[Stored entries]
══════════
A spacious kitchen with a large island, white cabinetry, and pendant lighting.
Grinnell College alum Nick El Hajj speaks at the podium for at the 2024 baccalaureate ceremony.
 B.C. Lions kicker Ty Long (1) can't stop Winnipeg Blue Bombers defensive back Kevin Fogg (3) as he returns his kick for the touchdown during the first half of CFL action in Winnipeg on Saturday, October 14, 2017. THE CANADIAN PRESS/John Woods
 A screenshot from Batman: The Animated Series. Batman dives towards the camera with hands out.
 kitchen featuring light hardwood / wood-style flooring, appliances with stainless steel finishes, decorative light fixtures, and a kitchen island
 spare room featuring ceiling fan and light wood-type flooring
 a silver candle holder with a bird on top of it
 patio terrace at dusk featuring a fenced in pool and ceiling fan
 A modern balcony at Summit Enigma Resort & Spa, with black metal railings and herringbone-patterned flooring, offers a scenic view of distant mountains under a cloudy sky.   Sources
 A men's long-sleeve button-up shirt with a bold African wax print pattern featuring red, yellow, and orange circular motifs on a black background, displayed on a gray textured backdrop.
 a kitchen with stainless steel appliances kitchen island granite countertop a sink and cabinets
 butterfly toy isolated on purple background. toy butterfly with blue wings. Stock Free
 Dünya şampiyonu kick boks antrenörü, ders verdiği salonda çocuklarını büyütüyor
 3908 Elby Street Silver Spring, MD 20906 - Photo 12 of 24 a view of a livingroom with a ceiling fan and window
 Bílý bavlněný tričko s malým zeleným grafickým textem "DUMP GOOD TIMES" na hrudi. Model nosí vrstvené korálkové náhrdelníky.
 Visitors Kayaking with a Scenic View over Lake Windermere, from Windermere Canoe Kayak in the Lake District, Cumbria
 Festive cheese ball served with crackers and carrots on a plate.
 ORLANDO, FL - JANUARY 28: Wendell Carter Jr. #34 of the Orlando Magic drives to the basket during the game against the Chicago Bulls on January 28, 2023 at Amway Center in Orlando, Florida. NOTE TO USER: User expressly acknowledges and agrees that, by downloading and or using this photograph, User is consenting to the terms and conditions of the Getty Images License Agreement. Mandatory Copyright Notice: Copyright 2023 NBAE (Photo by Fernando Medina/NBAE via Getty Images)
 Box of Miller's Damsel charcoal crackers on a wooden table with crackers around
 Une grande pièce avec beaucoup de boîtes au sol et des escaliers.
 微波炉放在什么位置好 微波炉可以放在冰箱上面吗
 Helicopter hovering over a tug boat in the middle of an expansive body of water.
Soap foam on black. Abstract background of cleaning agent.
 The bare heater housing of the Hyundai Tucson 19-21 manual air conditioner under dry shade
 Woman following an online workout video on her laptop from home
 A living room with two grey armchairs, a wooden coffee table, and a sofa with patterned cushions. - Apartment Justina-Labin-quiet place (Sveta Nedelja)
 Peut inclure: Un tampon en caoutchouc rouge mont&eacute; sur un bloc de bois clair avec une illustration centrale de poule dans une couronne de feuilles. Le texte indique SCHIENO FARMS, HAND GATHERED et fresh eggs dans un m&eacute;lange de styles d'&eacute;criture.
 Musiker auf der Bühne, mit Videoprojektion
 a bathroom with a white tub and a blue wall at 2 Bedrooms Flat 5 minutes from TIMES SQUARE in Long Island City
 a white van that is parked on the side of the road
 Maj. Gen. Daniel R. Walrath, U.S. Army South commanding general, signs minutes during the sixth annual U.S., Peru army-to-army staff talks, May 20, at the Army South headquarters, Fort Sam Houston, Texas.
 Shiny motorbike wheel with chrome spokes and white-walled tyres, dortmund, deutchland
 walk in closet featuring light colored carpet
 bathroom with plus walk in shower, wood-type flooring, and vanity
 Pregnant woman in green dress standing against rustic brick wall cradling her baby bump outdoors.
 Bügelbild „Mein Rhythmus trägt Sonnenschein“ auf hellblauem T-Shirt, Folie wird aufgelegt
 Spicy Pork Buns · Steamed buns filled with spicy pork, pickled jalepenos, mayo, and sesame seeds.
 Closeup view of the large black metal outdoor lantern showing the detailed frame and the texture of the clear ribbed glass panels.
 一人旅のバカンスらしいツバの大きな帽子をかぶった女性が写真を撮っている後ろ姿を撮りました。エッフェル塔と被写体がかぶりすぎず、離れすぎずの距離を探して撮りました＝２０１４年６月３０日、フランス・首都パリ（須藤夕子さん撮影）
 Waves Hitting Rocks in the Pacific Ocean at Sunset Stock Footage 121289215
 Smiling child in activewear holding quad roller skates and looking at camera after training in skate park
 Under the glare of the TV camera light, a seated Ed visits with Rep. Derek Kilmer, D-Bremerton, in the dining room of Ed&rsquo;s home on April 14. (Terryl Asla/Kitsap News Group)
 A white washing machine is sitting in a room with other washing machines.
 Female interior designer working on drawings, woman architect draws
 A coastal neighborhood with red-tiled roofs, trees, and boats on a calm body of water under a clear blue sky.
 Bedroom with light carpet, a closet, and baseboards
══════════
What this task involves
With no line omitted, copy all the data exactly.

Completed exercise
A spacious kitchen with a large island, white cabinetry, and pendant lighting.
Grinnell College alum Nick El Hajj speaks at the podium for at the 2024 baccalaureate ceremony.
 B.C. Lions kicker Ty Long (1) can't stop Winnipeg Blue Bombers defensive back Kevin Fogg (3) as he returns his kick for the touchdown during the first half of CFL action in Winnipeg on Saturday, October 14, 2017. THE CANADIAN PRESS/John Woods
 A screenshot from Batman: The Animated Series. Batman dives towards the camera with hands out.
 kitchen featuring light hardwood / wood-style flooring, appliances with stainless steel finishes, decorative light fixtures, and a kitchen island
 spare room featuring ceiling fan and light wood-type flooring
 a silver candle holder with a bird on top of it
 patio terrace at dusk featuring a fenced in pool and ceiling fan
 A modern balcony at Summit Enigma Resort & Spa, with black metal railings and herringbone-patterned flooring, offers a scenic view of distant mountains under a cloudy sky.   Sources
 A men's long-sleeve button-up shirt with a bold African wax print pattern featuring red, yellow, and orange circular motifs on a black background, displayed on a gray textured backdrop.
 a kitchen with stainless steel appliances kitchen island granite countertop a sink and cabinets
 butterfly toy isolated on purple background. toy butterfly with blue wings. Stock Free
 Dünya şampiyonu kick boks antrenörü, ders verdiği salonda çocuklarını büyütüyor
 3908 Elby Street Silver Spring, MD 20906 - Photo 12 of 24 a view of a livingroom with a ceiling fan and window
 Bílý bavlněný tričko s malým zeleným grafickým textem "DUMP GOOD TIMES" na hrudi. Model nosí vrstvené korálkové náhrdelníky.
 Visitors Kayaking with a Scenic View over Lake Windermere, from Windermere Canoe Kayak in the Lake District, Cumbria
 Festive cheese ball served with crackers and carrots on a plate.
 ORLANDO, FL - JANUARY 28: Wendell Carter Jr. #34 of the Orlando Magic drives to the basket during the game against the Chicago Bulls on January 28, 2023 at Amway Center in Orlando, Florida. NOTE TO USER: User expressly acknowledges and agrees that, by downloading and or using this photograph, User is consenting to the terms and conditions of the Getty Images License Agreement. Mandatory Copyright Notice: Copyright 2023 NBAE (Photo by Fernando Medina/NBAE via Getty Images)
 Box of Miller's Damsel charcoal crackers on a wooden table with crackers around
 Une grande pièce avec beaucoup de boîtes au sol et des escaliers.
 微波炉放在什么位置好 微波炉可以放在冰箱上面吗
 Helicopter hovering over a tug boat in the middle of an expansive body of water.
Soap foam on black. Abstract background of cleaning agent.
 The bare heater housing of the Hyundai Tucson 19-21 manual air conditioner under dry shade
 Woman following an online workout video on her laptop from home
 A living room with two grey armchairs, a wooden coffee table, and a sofa with patterned cushions. - Apartment Justina-Labin-quiet place (Sveta Nedelja)
 Peut inclure: Un tampon en caoutchouc rouge mont&eacute; sur un bloc de bois clair avec une illustration centrale de poule dans une couronne de feuilles. Le texte indique SCHIENO FARMS, HAND GATHERED et fresh eggs dans un m&eacute;lange de styles d'&eacute;criture.
 Musiker auf der Bühne, mit Videoprojektion
 a bathroom with a white tub and a blue wall at 2 Bedrooms Flat 5 minutes from TIMES SQUARE in Long Island City
 a white van that is parked on the side of the road
 Maj. Gen. Daniel R. Walrath, U.S. Army South commanding general, signs minutes during the sixth annual U.S., Peru army-to-army staff talks, May 20, at the Army South headquarters, Fort Sam Houston, Texas.
 Shiny motorbike wheel with chrome spokes and white-walled tyres, dortmund, deutchland
 walk in closet featuring light colored carpet
 bathroom with plus walk in shower, wood-type flooring, and vanity
 Pregnant woman in green dress standing against rustic brick wall cradling her baby bump outdoors.
 Bügelbild „Mein Rhythmus trägt Sonnenschein“ auf hellblauem T-Shirt, Folie wird aufgelegt
 Spicy Pork Buns · Steamed buns filled with spicy pork, pickled jalepenos, mayo, and sesame seeds.
 Closeup view of the large black metal outdoor lantern showing the detailed frame and the texture of the clear ribbed glass panels.
 一人旅のバカンスらしいツバの大きな帽子をかぶった女性が写真を撮っている後ろ姿を撮りました。エッフェル塔と被写体がかぶりすぎず、離れすぎずの距離を探して撮りました＝２０１４年６月３０日、フランス・首都パリ（須藤夕子さん撮影）
 Waves Hitting Rocks in the Pacific Ocean at Sunset Stock Footage 121289215
 Smiling child in activewear holding quad roller skates and looking at camera after training in skate park
 Under the glare of the TV camera light, a seated Ed visits with Rep. Derek Kilmer, D-Bremerton, in the dining room of Ed&rsquo;s home on April 14. (Terryl Asla/Kitsap News Group)
 A white washing machine is sitting in a room with other washing machines.
 Female interior designer working on drawings, woman architect draws
 A coastal neighborhood with red-tiled roofs, trees, and boats on a calm body of water under a clear blue sky.
 Bedroom with light carpet, a closet, and baseboards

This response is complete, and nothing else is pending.